• Data shown:
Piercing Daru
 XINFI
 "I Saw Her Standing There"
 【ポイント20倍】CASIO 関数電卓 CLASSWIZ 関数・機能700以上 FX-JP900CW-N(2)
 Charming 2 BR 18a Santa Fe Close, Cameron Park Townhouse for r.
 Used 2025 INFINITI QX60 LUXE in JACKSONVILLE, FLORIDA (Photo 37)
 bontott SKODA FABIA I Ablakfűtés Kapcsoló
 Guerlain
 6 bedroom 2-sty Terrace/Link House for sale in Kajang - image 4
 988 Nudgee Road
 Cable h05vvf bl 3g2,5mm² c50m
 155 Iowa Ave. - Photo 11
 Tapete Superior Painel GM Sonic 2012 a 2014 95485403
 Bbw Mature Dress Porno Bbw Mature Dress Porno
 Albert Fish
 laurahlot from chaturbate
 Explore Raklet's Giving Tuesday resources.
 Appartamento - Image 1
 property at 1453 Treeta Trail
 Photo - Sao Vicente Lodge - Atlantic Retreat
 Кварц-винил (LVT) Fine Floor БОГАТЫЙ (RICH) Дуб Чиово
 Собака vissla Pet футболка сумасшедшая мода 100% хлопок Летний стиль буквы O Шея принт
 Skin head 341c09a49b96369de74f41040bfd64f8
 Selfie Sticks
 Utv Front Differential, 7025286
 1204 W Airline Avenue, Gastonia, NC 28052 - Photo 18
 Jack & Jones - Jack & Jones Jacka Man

• Required action:
Using the entries, return every line where the word "Photo" can be found.

• Task solution:
 Used 2025 INFINITI QX60 LUXE in JACKSONVILLE, FLORIDA (Photo 37)
 155 Iowa Ave. - Photo 11
 Photo - Sao Vicente Lodge - Atlantic Retreat
 1204 W Airline Avenue, Gastonia, NC 28052 - Photo 18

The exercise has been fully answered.